BRIEF. Would you return every entry below exactly as written, without its images?

[Stored data]
------------------------

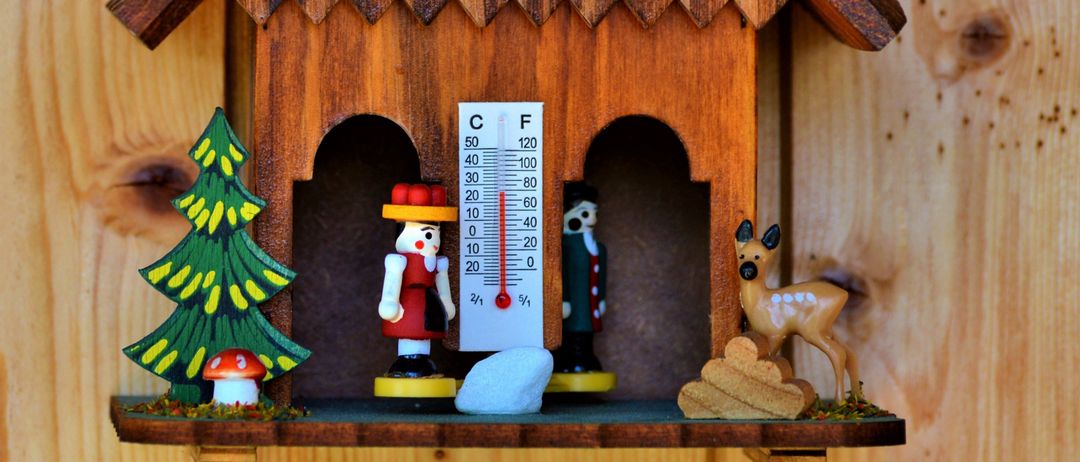 Ein holzfarbenes hausförmiges Objekt, möglicherweise eine Kuckucksuhr, zeigt ein Thermometer und Figuren von Menschen und Tieren im Inneren. Links stehen ein Weihnachtsbaum und ein Pilz.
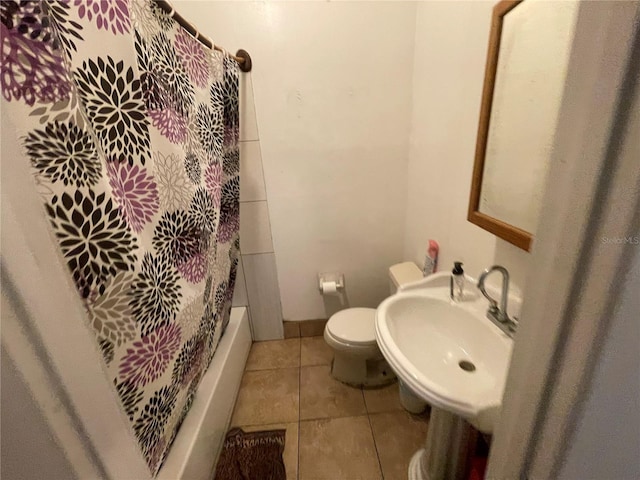 full bathroom with tile patterned flooring, shower / tub combo, toilet, and sink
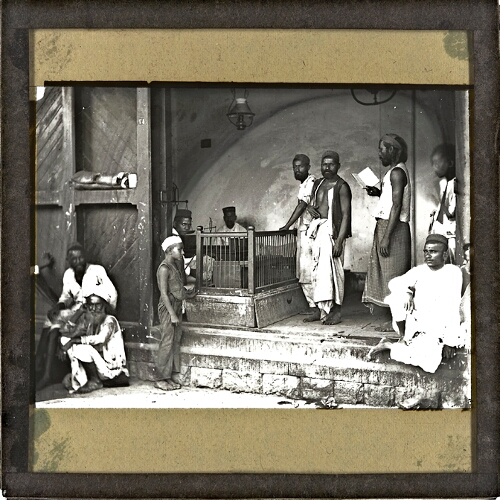 Group of men standing and sitting in workshop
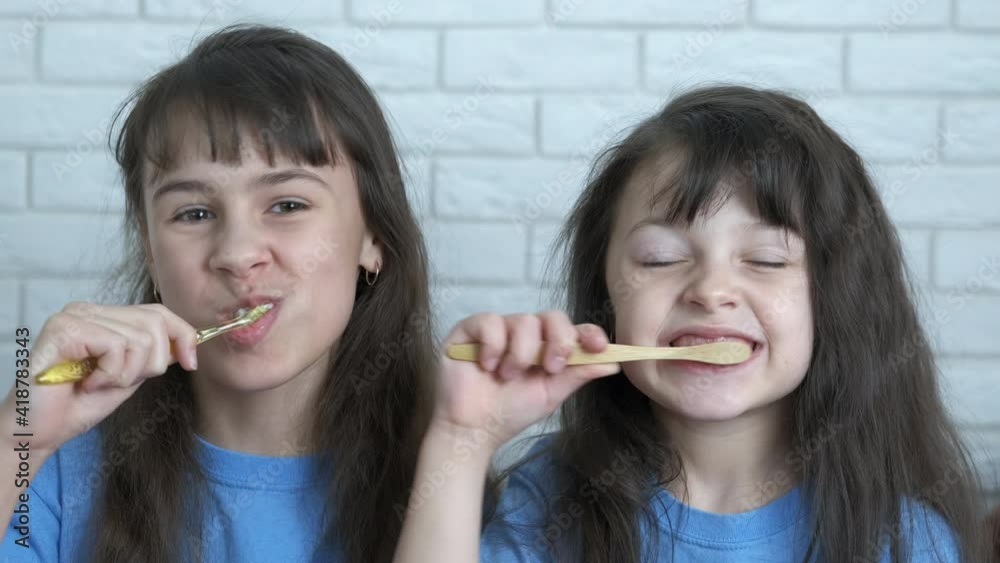 Children with a toothbrush. Beautiful little girls brush their teeth together. Children with a toothbrush. Beautiful little girls brush their teeth together.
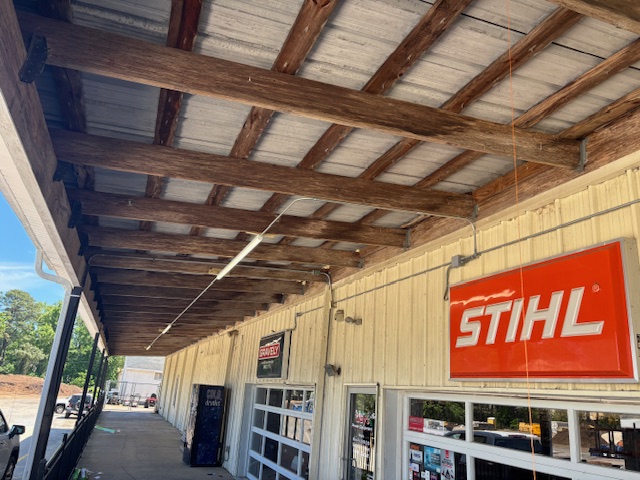 Commercial storefront canopy lighting installation viewed during daytime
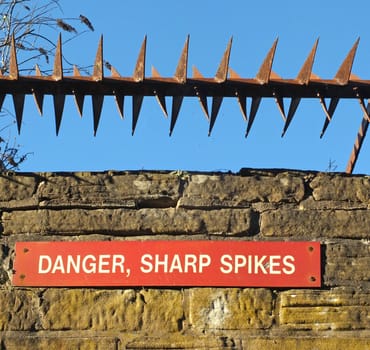 rusty iron sharp spikes on the top of an old stone wall with a red danger sign against a blue sky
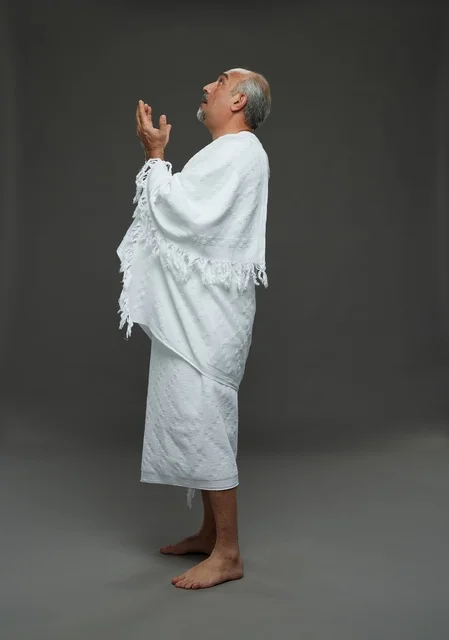 Saudi Man in Ihram Clothes Praying Against Grey Background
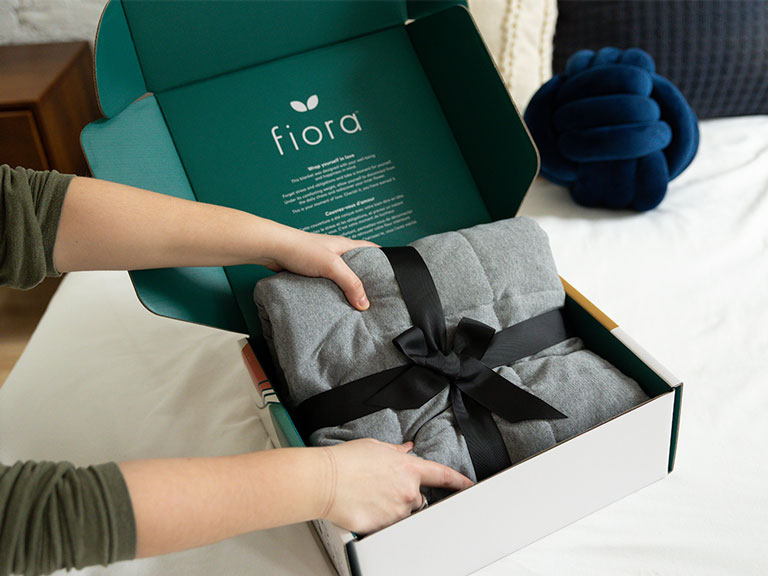 Person unboxing the Fiora weighted sensory blanket.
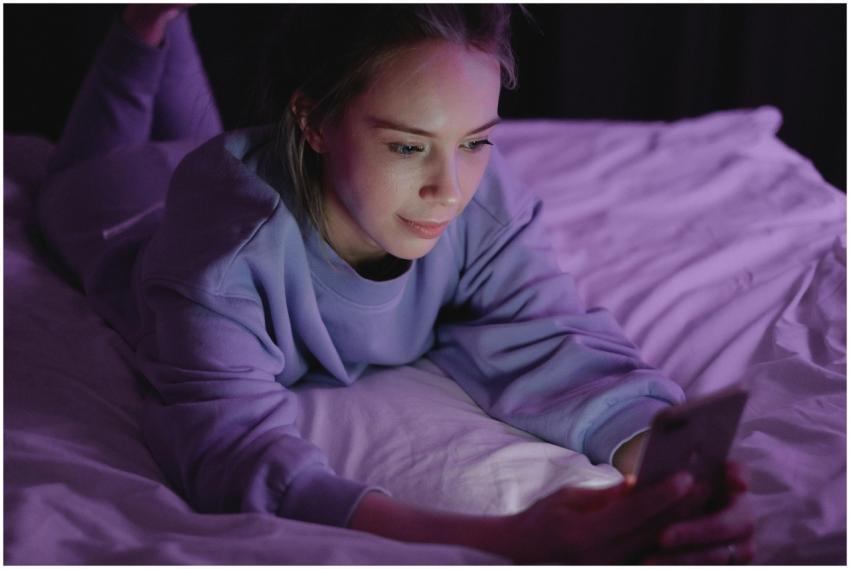A woman in pajamas looking at her smartphone while
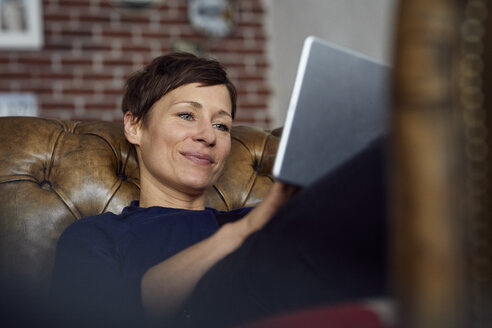 Woamn sitzt zu Hause auf dem Sofa und benutzt ein digitales Tablet - RBF06442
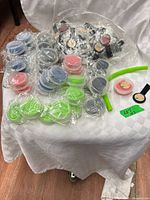 Sealed disc cases with green silicone straws and bag of black phone grips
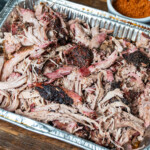 Tray of smoked pulled pork with dark bark and pink smoke ring, served in a foil pan on a wooden table with a bowl of dry rub in the background.
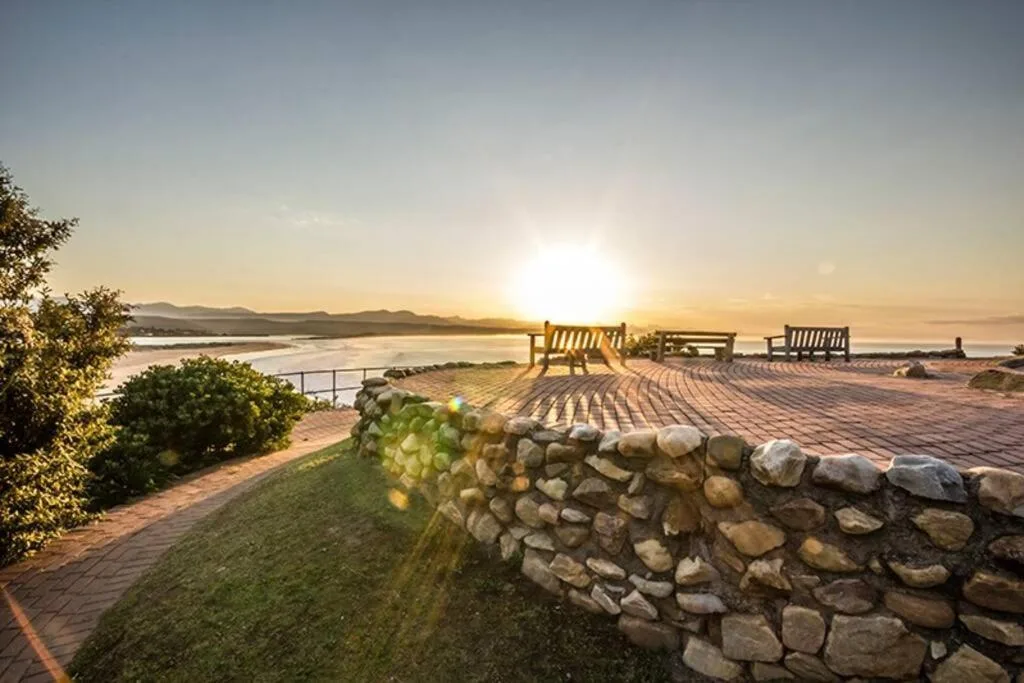 Sunrise over lagoon with wooden benches and manicured garden deck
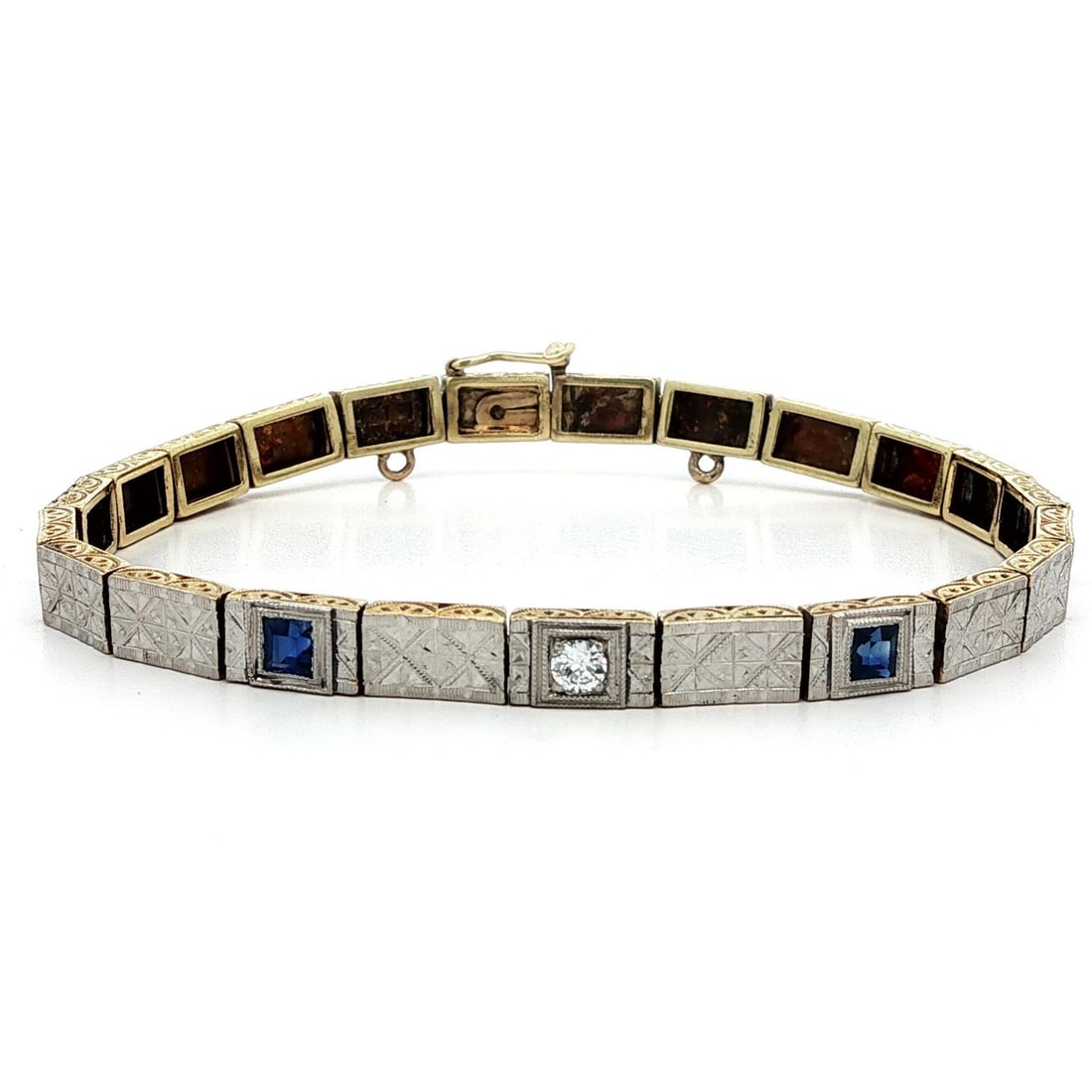 Antique Edwardian 14k White Gold Diamond Sapphire Line Bracelet: Antique Edwardian 14k White Gold Diamond Sapphire Line Bracelet This exquisite Antique Edwardian bracelet showcases a stunning combination of gold and platinum craftsmanship. Featuring a hand-engraved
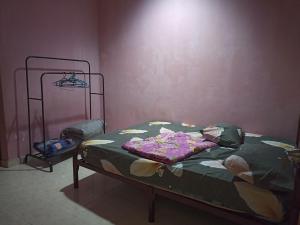 a bedroom with a bed with a green comforter at Husna Homestay Kota Harmoni Tanah Merah in Tanah Merah +1 photo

------------------------

SOLUTION.
 Ein holzfarbenes hausförmiges Objekt, möglicherweise eine Kuckucksuhr, zeigt ein Thermometer und Figuren von Menschen und Tieren im Inneren. Links stehen ein Weihnachtsbaum und ein Pilz.
 full bathroom with tile patterned flooring, shower / tub combo, toilet, and sink
 Group of men standing and sitting in workshop
 Children with a toothbrush. Beautiful little girls brush their teeth together. Children with a toothbrush. Beautiful little girls brush their teeth together.
 Commercial storefront canopy lighting installation viewed during daytime
 rusty iron sharp spikes on the top of an old stone wall with a red danger sign against a blue sky
 Saudi Man in Ihram Clothes Praying Against Grey Background
 Person unboxing the Fiora weighted sensory blanket.
A woman in pajamas looking at her smartphone while
 Woamn sitzt zu Hause auf dem Sofa und benutzt ein digitales Tablet - RBF06442
 Sealed disc cases with green silicone straws and bag of black phone grips
 Tray of smoked pulled pork with dark bark and pink smoke ring, served in a foil pan on a wooden table with a bowl of dry rub in the background.
 Sunrise over lagoon with wooden benches and manicured garden deck
 Antique Edwardian 14k White Gold Diamond Sapphire Line Bracelet: Antique Edwardian 14k White Gold Diamond Sapphire Line Bracelet This exquisite Antique Edwardian bracelet showcases a stunning combination of gold and platinum craftsmanship. Featuring a hand-engraved
 a bedroom with a bed with a green comforter at Husna Homestay Kota Harmoni Tanah Merah in Tanah Merah +1 photo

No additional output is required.